Se habla también de democracia y añoran una que solo en sus cabezas existió, a esta oposición se le ha olvidado la historia de los últimos 80 años en este tema en México. Hoy, en medio de su cinismo, no entienden cómo la consulta popular se incorpora a ella y a cambio se le mira como “imposición del dictador AMLO” (no importa que el concepto se haya incorporado a la constitución desde el 2012 (artículo 35), no importa que a través de medios como este o el referéndum o plebiscito, se definen políticas públicas en muchos países occidentales. 

Se habla también de legalidad, del legalismo de abogado que tradicionalmente ha beneficiado a pocos, al que puede pagar por justicia y en cambio no se concibe el nuevo ánimo social que dice no, eso no es legalidad, no más ley guiada por el algoritmo de libro y componenda. Legalidad y justicia será recuperar la memoria histórica reciente y juzgar lo que se hizo mal.

Se habla de feminismo por parte de esta oposición con la gran desfachatez que conlleva ser quienes han agraviado histórica, sistemática y bajo políticas públicas a la mujer, quienes se han opuesto a sus causas y que hoy se asumen como los defensores del género. ¿En qué cabeza cabe (sí, en la de estos) que los conservadores están o en algún momento han estado a favor de las mujeres?
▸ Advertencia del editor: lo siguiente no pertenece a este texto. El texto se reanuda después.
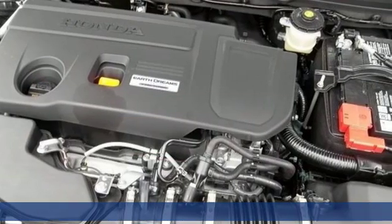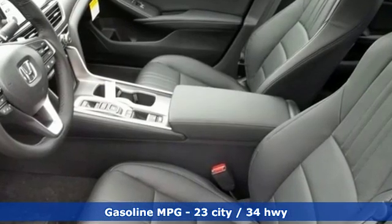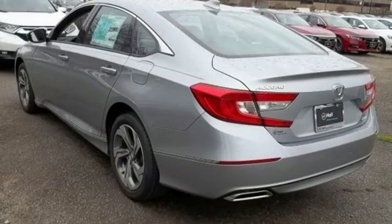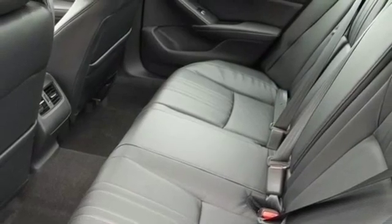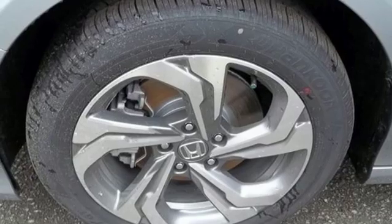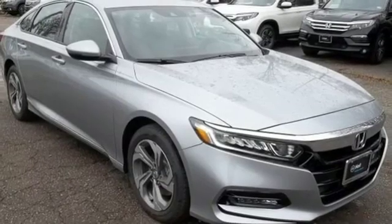Features include integrated navigation system, power heated mirrors, front heated leather bucket seats, smart vent seat mounted airbag, Apple CarPlay Android Auto, dual zone climate control, turbo inline four cylinder engine, power sliding and tilting sunroof, four wheel anti-lock disc brakes and automatic transmission.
Pero, sí, también hablan ahora de feminismo vaciando el término de su realidad.  ¡En tiempos de revisionismo de doctrinas morales los cínicos hombres y mujeres “de bien” hablando de feminismo!

Se habla de país. Qué paradoja, se atreven a hablar de país los que han ninguneado y saqueado el territorio, sus bienes y los gravámenes que genera, quienes han escupido en los esfuerzos y sudores de campesinos, obreros y profesionistas, los que se avergüenzan del origen indígena, negro, mestizo y criollo y se asumen superiores, los que han ocupado puestos públicos de los que se han servido en vez de servir; todos estos hablan de un país sin decir que está devastado por ellos mismos, que la suma de sus actos es el país de hoy.
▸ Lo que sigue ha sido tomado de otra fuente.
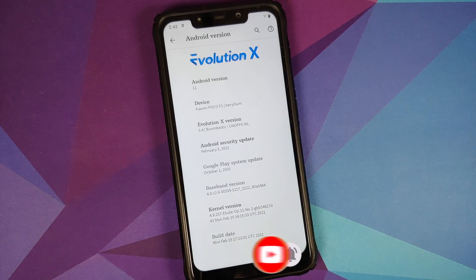In terms of face unlock, the build does not have IR face unlock. It will only get IR face unlock when official Evolution X builds for other devices receive it. Until then, there is no IR face unlock functionality on this ROM.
¡Si no cambian, hoy el país no los necesita, ya fueron, ya hicieron!

Hoy el concepto de País que se intenta construir es distinto, es uno que habla de igualdad, de hermandad, de oportunidades para todos los que aquí habitamos, esquemáticamente es una tabula rasa para construir en esta transformación que se ha planteado y de la que se burlan e ironizan.

Cada paso que ha dado este gobierno ha sido criticado, sea lo que sea, con razón o sin razón, esta oposición ha usado todos los medios y recursos a su alcance; ¿ha logrado permear su mensaje?  No en quienes adoptamos el proyecto como un esfuerzo a construir, sí en quienes se consideran descobijados de sus prebendas históricas y sí en los cortoplacistas.  La polarización es real, nunca lo había sido tan claramente expresada, de un lado los que han saqueado el país, del otro los saqueados. Y como en el infierno de Dante, los indiferentes e indecisos en el ante infierno, corriendo desnudos eternamente.

Y hoy la oposición por no entender ya el lenguaje y no tener capacidad de darle un nuevo significado es que es insustancial, ya se les dijo moralmente derrotados, hay que decirles también que ya tan solo representan la tristeza de tiempos pasados.